For Microsoft, which announced its cloud computing platform this week, it seems like service level agreements don't just mean uptime. That thinking could shake up the industry.
Though Microsoft isn't giving any firm details on its plans for service level agreements with Windows Azure and the Azure Services Platform, presentations and discussions with Azure's developers here have dropped plenty of hints.
In a presentation at the company's Professional Developers Conference today, Microsoft's Gianpaolo Carraro, director of SAAS architecture in the company's architecture strategy team, said that SLA's shouldn't just mean meeting uptime promises, though that's the common definition of cloud SLA's these days. Companies will typically offer something like a 99.5% uptime promise, and if that isn't met, customers get some sort of refund.
That just doesn't go far enough, Carraro said. Not only should these uptime promises be available, but instead of the cloud vendor measuring the uptime, customers should be able to have some sort of monitoring meter to understand what the uptime actually was for them, and then reconcile that with the cloud vendor's measure. That may be challenging, since it will be difficult to determine whether it was the cloud vendor, the network provider, or the customer who was actually at fault.
But that's just the start. He added that cloud SLA's might also include other optional features, such as promises that certain types of transactions will take a certain length of time, management APIs, programmatic access to the health model of a service, the choice to make applications use firewall friendly protocols, the ability to pause or stop an application or a piece of one from running on the fly, and the ability to do things like trigger back-up of data at certain points in time.
In addition, one of Azure's developers said in an interview, Microsoft is considering SLA's that would enable companies to do things like choose the geographic location where they want their applications to run, though that would likely be expensive.

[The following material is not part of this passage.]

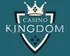 Casino Kingdom NZ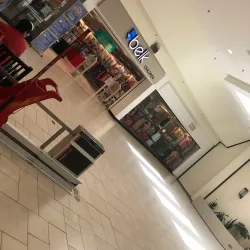 Valdosta Mall - Valdosta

These shifts could have profound implications for the services industry, since many vendors today resist setting up even uptime-based SLA's for cloud-based applications because many simply can't deliver on their promises. However, offering SLA's that don't hinge only on uptime should actually be more of a win for service providers, since they hedge problems with uptime with more controllable options. In the long run, offering a plethora of cloud SLA's should even entice hesitant companies to move to the cloud.